Thousands of ethnic Albanians demonstrated against the arrest of three men charged over the killing of five Macedonians last month.
Photos from the scenes showed that many of the protestors waved Saudi flags and that some wore T-shirts with inscriptions such as “Islam will dominate the world”.
On 13 April five slain Macedonian fishermen were discovered beside a lake in the village of Smiljkovci north of Skopje. Four of the victims were in their late teens or early 20s. The fifth was a man in his 40s. On 1 May, police arrested 20 people, including radical Islamists who reportedly fought with the Taliban in Afghanistan, as suspects in the murders.
Demonstrators shouting slogans such as “UCK” (the now-defunct liberation movement in Kosovo in the late 1990s), “See you in the mountains” and “Greater Albania”, threw rocks at police, the SETimes reported. The news site also reported that protestors attacked the offices of Skopje’s Chair municipality whose mayor, Izet Medziti, belongs to the ruling Albanian party Democratic Union for Integration (DUI). “Clearly they do not want co-existence - their slogans betray the goal to misuse Islam to create an ethnically pure state, which means conflict in the region. Slogans in support of the Democratic Party of Albanians also betray the involvement of some political parties to benefit from such an abuse of religion,” Ivan Babanovski, a former security studies professor, told SETimes.
The Serbian news agency Tanjug reported that protestors also carried banners against the Macedonian government and Prime Minster Nikola Gruevski, whom they called a “terrorist” and a “Chetnik”, a reference to the Serbian nationalist movement that used terror tactics against Muslims during World War II. They shouted “murderers” at the police.
The demonstrators also carried banners saying that “Serbs and Macedonians” were responsible for the murder of the five men.
Protests were also reported in the towns of Gostivar and Tetovo.
There is widespread belief among analysts and the Macedonian public that the protests are intended to destabilise Macedonia prior to the NATO summit in Chicago on 20-21 May. Macedonia’s bid to join NATO was blocked in 2008 by Greece over the long-standing name dispute between Athens and Skopje.
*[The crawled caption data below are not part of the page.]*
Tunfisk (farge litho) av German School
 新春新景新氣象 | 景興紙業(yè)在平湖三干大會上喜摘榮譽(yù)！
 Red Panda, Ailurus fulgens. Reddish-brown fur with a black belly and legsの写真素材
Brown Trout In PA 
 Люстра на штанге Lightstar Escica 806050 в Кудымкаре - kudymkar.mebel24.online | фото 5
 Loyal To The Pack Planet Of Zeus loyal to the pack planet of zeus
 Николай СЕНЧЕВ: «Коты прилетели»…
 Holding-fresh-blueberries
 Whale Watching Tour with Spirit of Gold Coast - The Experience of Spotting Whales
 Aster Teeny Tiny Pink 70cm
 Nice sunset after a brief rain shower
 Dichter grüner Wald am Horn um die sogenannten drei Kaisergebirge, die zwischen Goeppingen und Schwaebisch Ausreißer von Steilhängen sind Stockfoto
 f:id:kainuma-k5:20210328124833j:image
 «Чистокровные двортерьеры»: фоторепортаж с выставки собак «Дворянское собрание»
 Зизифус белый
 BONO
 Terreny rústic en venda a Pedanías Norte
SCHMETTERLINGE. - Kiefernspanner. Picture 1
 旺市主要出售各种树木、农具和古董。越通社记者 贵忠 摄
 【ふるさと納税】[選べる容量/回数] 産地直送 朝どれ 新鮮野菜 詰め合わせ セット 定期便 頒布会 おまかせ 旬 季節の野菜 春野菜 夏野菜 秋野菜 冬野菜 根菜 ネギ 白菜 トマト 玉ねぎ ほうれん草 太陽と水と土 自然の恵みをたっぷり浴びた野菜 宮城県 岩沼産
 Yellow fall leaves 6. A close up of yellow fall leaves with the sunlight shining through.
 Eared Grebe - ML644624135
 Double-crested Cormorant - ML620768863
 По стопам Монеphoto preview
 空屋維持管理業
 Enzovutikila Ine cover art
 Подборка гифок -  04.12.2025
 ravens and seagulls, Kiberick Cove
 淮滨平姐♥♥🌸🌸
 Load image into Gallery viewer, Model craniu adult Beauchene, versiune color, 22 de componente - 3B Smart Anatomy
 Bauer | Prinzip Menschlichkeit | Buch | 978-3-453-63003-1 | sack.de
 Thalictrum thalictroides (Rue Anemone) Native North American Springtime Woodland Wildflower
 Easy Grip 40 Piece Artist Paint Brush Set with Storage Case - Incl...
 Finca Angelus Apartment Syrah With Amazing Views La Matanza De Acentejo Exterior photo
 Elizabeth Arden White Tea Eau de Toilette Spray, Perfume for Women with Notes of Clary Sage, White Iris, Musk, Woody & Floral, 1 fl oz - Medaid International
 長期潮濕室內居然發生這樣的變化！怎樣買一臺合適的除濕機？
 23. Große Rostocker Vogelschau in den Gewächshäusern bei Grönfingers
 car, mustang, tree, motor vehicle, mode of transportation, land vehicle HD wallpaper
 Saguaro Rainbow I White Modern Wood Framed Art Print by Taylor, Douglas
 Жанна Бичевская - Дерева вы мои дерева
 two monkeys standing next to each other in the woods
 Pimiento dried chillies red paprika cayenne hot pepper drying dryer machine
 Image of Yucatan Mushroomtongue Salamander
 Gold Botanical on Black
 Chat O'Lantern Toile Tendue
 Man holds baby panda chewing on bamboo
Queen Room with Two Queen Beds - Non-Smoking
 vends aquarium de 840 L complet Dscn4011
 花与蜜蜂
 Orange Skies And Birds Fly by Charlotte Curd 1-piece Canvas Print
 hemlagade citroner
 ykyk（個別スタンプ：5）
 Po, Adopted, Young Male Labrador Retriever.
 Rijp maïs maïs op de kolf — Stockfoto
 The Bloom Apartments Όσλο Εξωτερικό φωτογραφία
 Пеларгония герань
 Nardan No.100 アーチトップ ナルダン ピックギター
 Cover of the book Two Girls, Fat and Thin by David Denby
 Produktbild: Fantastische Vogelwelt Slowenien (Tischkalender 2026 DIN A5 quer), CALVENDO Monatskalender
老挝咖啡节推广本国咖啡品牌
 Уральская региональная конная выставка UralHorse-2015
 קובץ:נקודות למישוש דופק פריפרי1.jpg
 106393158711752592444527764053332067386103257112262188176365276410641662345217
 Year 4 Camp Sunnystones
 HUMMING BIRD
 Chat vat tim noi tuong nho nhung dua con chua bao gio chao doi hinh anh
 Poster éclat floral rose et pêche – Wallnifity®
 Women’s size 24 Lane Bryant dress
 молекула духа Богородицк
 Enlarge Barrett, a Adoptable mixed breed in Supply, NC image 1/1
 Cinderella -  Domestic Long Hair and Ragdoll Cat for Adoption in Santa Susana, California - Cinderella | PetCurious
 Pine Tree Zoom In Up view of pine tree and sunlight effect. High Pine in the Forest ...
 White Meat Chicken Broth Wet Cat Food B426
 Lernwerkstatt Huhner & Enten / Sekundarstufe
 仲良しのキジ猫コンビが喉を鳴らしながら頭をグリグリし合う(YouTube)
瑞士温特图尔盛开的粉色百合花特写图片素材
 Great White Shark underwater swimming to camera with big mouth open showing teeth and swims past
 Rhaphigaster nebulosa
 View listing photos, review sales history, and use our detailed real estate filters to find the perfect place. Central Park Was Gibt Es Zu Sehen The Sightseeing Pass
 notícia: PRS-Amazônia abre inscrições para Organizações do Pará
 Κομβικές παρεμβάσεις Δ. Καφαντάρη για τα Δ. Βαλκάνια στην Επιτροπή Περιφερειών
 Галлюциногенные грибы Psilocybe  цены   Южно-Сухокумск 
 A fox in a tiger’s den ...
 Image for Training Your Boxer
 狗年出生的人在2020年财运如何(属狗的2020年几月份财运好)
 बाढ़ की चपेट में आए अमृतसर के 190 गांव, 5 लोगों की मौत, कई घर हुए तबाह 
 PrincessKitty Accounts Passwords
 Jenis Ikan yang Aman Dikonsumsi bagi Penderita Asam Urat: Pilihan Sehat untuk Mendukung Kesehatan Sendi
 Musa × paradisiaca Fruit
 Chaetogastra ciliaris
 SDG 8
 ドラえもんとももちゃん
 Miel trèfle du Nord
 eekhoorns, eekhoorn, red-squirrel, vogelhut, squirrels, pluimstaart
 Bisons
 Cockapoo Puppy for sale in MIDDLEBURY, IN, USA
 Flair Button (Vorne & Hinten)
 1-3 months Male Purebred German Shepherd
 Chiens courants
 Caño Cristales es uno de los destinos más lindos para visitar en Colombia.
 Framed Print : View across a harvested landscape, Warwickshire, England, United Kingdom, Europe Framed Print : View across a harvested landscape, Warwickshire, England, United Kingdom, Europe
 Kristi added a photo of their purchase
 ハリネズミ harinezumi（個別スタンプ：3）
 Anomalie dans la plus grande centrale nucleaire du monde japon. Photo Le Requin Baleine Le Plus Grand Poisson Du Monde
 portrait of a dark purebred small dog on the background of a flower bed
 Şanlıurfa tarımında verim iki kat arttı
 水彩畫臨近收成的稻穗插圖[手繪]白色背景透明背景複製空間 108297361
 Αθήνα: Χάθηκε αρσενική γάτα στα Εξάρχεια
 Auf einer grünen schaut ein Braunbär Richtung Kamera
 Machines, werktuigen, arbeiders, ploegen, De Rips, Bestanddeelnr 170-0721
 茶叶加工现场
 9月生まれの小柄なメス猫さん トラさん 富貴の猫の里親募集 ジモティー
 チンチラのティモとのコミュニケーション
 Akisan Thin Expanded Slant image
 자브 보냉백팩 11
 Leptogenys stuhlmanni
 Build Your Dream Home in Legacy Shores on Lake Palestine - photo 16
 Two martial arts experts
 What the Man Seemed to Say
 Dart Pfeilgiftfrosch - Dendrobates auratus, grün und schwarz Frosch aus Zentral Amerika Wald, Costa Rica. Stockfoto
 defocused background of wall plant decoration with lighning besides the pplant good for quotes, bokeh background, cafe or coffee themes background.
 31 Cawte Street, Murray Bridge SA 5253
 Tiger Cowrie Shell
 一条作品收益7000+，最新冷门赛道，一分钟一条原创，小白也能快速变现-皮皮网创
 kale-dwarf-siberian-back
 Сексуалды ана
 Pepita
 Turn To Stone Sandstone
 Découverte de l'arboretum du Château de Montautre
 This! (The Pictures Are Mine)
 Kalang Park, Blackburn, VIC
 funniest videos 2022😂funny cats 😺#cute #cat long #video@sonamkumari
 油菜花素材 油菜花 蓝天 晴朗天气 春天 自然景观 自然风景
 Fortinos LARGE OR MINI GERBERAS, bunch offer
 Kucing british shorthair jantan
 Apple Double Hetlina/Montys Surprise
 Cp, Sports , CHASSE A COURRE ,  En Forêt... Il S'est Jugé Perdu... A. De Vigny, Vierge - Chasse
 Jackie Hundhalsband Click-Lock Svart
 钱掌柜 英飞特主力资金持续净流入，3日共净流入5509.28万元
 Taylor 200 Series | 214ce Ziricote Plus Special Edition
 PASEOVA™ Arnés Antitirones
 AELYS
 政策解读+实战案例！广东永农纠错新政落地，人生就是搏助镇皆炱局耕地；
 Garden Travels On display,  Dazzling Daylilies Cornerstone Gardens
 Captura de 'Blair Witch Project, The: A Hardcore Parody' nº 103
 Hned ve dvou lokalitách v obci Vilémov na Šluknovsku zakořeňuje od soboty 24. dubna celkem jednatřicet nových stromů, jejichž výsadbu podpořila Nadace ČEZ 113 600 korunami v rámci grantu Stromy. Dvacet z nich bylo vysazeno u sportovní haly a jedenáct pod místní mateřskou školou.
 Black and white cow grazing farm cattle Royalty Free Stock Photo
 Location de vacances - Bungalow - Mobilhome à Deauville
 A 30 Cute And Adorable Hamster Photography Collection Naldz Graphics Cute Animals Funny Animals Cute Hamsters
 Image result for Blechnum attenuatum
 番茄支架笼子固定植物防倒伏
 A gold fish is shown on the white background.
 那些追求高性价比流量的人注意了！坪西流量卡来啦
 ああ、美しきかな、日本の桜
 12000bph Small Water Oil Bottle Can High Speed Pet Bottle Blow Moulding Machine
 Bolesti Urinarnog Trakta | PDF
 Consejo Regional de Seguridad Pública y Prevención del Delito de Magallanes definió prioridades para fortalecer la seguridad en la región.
Some analysts in the region now worry of renewed attempts to carve out an ethnic Albanian state in western Macedonia.
According to security experts, there are an estimated 5,000 battle-hardened Islamists from the wars in Bosnia and Herzegovina, Kosovo and a past conflict in Macedoniа living in the region.
Dzevad Galijašević, a member of the Southeast Europe Expert Team for the Fight against Terrorism and Organised Crime, told SETimes the number of Wahabbis followers is far greater. He argued that regional countries should cut off the Wahabbis’ financial channels, and arrest the leaders and most prominent members who espouse violence.